Records drawn from a dataset

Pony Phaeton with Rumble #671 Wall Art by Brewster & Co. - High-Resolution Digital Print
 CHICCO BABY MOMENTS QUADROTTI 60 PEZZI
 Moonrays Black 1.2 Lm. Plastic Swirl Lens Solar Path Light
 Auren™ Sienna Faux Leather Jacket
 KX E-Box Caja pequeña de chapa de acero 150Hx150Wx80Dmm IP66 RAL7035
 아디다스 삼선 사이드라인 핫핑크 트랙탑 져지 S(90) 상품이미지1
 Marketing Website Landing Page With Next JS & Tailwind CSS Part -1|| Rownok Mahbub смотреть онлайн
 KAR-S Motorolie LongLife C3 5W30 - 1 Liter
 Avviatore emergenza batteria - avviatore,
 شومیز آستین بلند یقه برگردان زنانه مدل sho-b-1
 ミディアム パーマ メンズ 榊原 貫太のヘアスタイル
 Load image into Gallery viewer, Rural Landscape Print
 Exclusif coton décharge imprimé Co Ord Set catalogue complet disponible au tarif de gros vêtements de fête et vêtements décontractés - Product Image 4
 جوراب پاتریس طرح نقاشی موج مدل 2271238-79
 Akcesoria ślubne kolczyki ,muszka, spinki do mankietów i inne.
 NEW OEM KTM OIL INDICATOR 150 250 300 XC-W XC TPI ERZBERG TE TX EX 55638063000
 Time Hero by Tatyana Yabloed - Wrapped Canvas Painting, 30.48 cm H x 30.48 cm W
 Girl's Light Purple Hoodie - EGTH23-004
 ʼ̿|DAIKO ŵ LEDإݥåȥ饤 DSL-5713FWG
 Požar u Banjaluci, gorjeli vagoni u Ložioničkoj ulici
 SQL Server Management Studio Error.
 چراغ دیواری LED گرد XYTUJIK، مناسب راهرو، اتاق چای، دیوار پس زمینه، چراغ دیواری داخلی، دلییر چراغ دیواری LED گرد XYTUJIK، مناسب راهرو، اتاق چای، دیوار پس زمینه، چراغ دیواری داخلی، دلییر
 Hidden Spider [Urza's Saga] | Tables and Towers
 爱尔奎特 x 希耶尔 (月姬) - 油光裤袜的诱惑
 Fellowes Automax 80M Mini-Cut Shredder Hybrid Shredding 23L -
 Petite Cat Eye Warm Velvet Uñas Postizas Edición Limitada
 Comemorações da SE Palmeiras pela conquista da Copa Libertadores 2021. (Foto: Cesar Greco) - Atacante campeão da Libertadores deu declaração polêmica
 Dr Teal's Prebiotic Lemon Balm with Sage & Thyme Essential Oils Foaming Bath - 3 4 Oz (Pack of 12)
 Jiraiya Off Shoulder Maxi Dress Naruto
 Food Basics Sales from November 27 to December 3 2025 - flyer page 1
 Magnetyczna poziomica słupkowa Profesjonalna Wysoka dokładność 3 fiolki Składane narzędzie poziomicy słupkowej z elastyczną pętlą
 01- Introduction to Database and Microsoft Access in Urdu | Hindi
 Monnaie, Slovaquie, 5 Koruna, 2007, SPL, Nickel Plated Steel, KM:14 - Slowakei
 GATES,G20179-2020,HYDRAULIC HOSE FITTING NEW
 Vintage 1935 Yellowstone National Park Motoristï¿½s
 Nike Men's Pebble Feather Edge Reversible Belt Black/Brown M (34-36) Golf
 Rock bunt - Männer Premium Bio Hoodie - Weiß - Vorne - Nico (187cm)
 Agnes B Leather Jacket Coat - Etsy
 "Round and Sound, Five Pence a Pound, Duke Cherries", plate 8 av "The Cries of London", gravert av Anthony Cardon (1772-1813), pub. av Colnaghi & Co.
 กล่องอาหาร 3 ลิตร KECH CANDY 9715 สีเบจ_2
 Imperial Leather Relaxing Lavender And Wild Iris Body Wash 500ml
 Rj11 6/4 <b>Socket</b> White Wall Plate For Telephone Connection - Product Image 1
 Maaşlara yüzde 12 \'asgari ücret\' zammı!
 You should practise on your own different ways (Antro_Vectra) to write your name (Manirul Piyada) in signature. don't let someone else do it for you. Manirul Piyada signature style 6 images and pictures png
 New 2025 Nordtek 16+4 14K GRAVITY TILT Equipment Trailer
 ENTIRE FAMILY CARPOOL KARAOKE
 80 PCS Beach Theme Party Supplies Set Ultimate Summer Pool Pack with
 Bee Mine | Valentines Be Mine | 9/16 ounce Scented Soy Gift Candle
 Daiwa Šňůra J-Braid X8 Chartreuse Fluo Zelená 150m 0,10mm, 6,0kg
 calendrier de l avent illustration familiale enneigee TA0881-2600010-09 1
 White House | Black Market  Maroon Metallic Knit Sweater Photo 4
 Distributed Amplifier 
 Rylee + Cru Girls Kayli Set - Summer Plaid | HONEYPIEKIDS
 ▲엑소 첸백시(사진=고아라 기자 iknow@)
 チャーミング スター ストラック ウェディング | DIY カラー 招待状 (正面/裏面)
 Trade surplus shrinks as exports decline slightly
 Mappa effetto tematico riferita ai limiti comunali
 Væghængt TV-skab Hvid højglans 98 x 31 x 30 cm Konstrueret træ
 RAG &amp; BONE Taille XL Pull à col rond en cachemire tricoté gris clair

- _Problem statement_:
Reproduce verbatim the lines above, from the line with "KAR-S Motorolie LongLife C3 5W30 - 1 Liter" through the line with "Exclusif coton décharge".

- _Solution for this problem_:
 KAR-S Motorolie LongLife C3 5W30 - 1 Liter
 Avviatore emergenza batteria - avviatore,
 شومیز آستین بلند یقه برگردان زنانه مدل sho-b-1
 ミディアム パーマ メンズ 榊原 貫太のヘアスタイル
 Load image into Gallery viewer, Rural Landscape Print
 Exclusif coton décharge imprimé Co Ord Set catalogue complet disponible au tarif de gros vêtements de fête et vêtements décontractés - Product Image 4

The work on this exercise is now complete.